Short Answer Questions

1. How does Mary explain sleeping so late?

2. What does Mary force herself to do?

3. What does Mary say in response to Rowley's explanation about Karl's death?

4. What does Mary look for as soon as Nina leaves the bedroom?

5. What does Nina tell Mary as Mary is about to leave?

Essay Topics

Essay Topic 1

Maugham chooses to write the novel as a third person, impersonal narrator. Discuss the following:

1. What are the advantages and disadvantages of this novel being written in the third person, impersonal narration?

2. Do you think the novel would be more effective in a different point of view? Which one if so? If not why do you think the impersonal narrator works the best?

3. Do you think the narrator in Up at the Villa is reliable, i.e., do you believe the narrator is completely unbiased? Explain your response.

Essay Topic 2

Edgar had been a family friend from the time of Mary's youth. She says that when she was nineteen, her mother pointed out that Edgar was in love with her and Mary had dismissed the idea, saying that Edgar - at forty-three - was "an old man." Discuss the following:

1. Do you think many marriages where there is over twenty years difference in age can be successful? Explain your answers with examples from your personal knowledge and from the text.

2. What do you think is the likelihood that marriage to Edgar would be fulfilling and happy for Mary? Give examples from the text to support your statements.

3. What do you think is the likelihood that marriage to Mary would be fulfilling and happy for Edgar? Give examples from the text to support your statements.

Essay Topic 3

In chapter 4, the conversation between Karl and Mary turns to age and he says that he's twenty-three. She seems wistful, saying that he has the opportunities of youth in front of him, but Karl says that he's imprisoned by poverty. He admits to having no real plans for his future and presents a picture of hopelessness. Discuss the following:

1. Do you think Karl is truly "imprisoned" by poverty? Why or why not?
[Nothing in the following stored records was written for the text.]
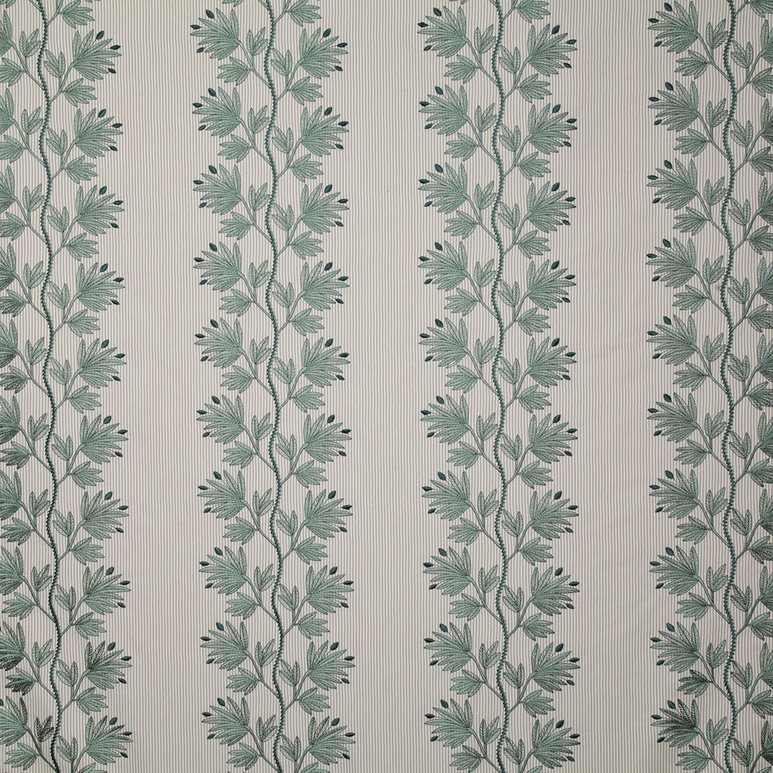 Pindler &amp; Pindler Vineland Leaf Fabric
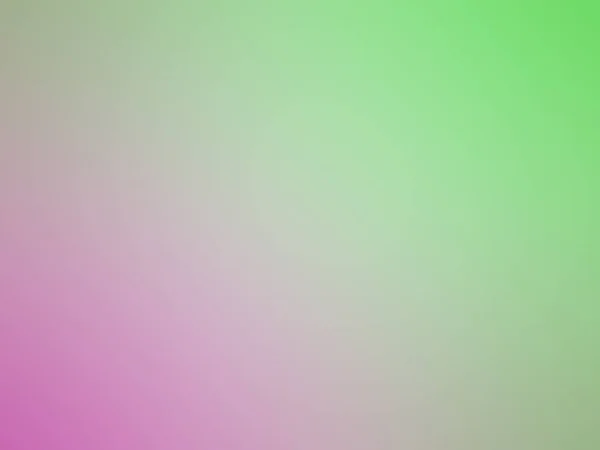 Abstrakcja Zielony różowy gradientu kolorowe niewyraźne tło — Zdjęcie stockowe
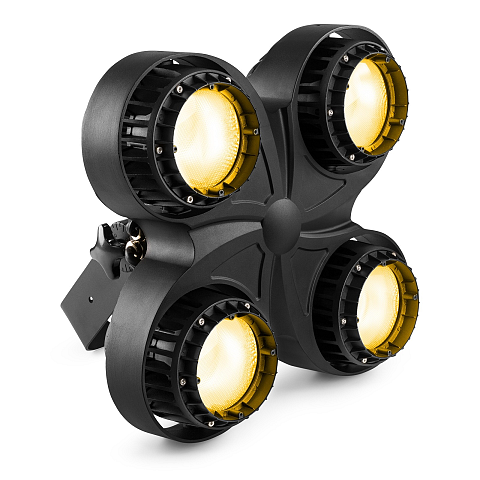 BeamZ 150.455 Stroboskop & Disco-Licht Disco-Strahler Schwarz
2. What do you think Karl could do to break out of the prison of poverty? Why do you think he is either unable or unwilling?

3. Why do you think it is so hard to move out of poverty either then or now? What do you think it takes to move from poverty to plenty or even great wealth?

4. Is your personality such that you think you would be one of the few who do manage to break out of poverty if you were very poor? Explain how you might differ from Karl.